EXERCISE
Below are lines of data, and only some are wanted. Please repeat exactly those from the line that has "Banana Republic Wool" through the line that has "COACH F55961🖤❤️CHARLES❤️🖤RED/BLACK BANDANA".

DATA
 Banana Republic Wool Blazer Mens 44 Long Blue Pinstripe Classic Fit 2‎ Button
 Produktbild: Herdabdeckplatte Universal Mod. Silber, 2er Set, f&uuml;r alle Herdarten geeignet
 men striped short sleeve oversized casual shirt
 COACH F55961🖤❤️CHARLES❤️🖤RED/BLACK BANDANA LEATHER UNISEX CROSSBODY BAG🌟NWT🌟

==

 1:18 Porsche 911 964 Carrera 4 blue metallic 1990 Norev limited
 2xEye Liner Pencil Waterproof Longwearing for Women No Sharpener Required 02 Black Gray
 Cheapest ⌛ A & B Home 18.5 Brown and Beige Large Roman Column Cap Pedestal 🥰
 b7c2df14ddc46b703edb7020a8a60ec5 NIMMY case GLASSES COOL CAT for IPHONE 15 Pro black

...

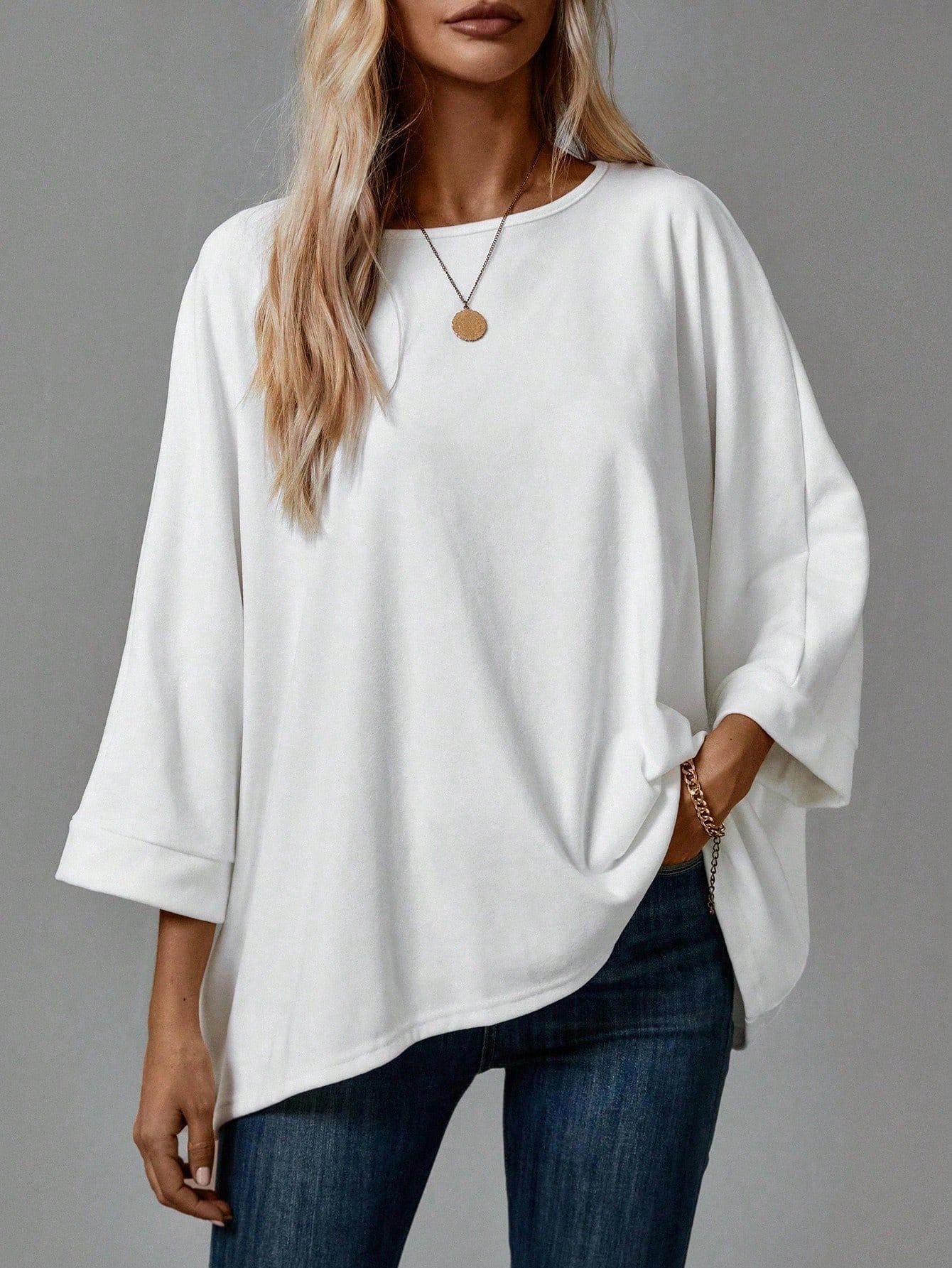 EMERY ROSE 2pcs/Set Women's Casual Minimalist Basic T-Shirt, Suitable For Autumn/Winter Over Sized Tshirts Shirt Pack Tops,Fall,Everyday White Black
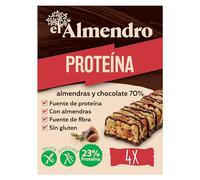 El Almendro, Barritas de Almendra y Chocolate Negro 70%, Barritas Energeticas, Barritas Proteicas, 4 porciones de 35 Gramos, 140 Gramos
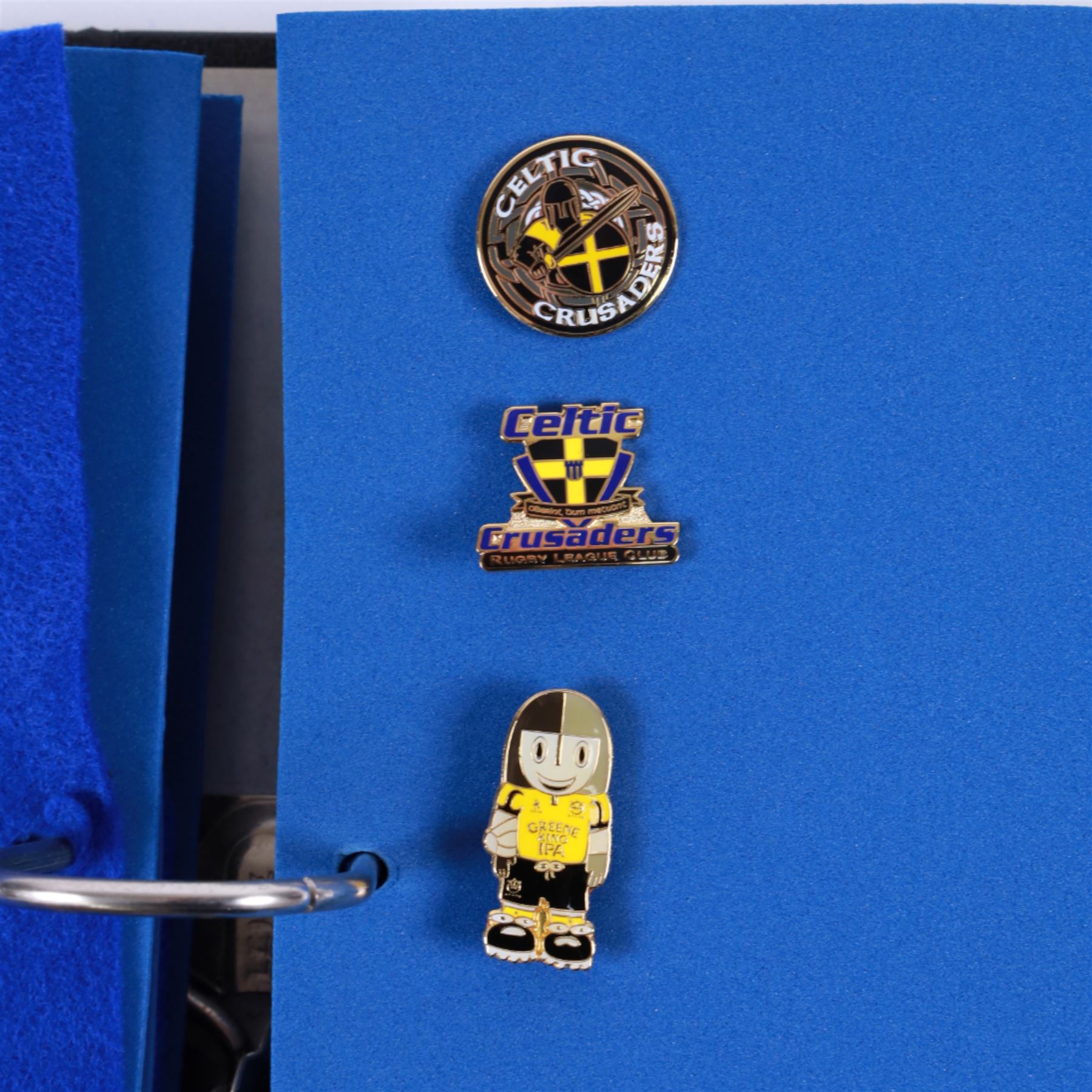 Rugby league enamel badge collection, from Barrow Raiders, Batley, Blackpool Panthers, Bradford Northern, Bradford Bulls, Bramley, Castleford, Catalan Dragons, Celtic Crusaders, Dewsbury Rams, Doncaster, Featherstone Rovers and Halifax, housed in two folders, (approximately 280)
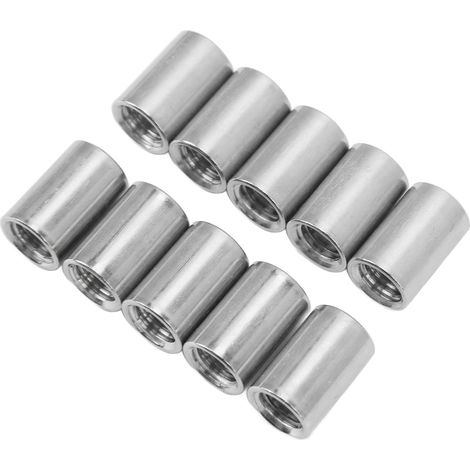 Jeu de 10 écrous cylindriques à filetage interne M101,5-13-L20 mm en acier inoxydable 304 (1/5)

SOLUTION
 Banana Republic Wool Blazer Mens 44 Long Blue Pinstripe Classic Fit 2‎ Button
 Produktbild: Herdabdeckplatte Universal Mod. Silber, 2er Set, f&uuml;r alle Herdarten geeignet
 men striped short sleeve oversized casual shirt
 COACH F55961🖤❤️CHARLES❤️🖤RED/BLACK BANDANA LEATHER UNISEX CROSSBODY BAG🌟NWT🌟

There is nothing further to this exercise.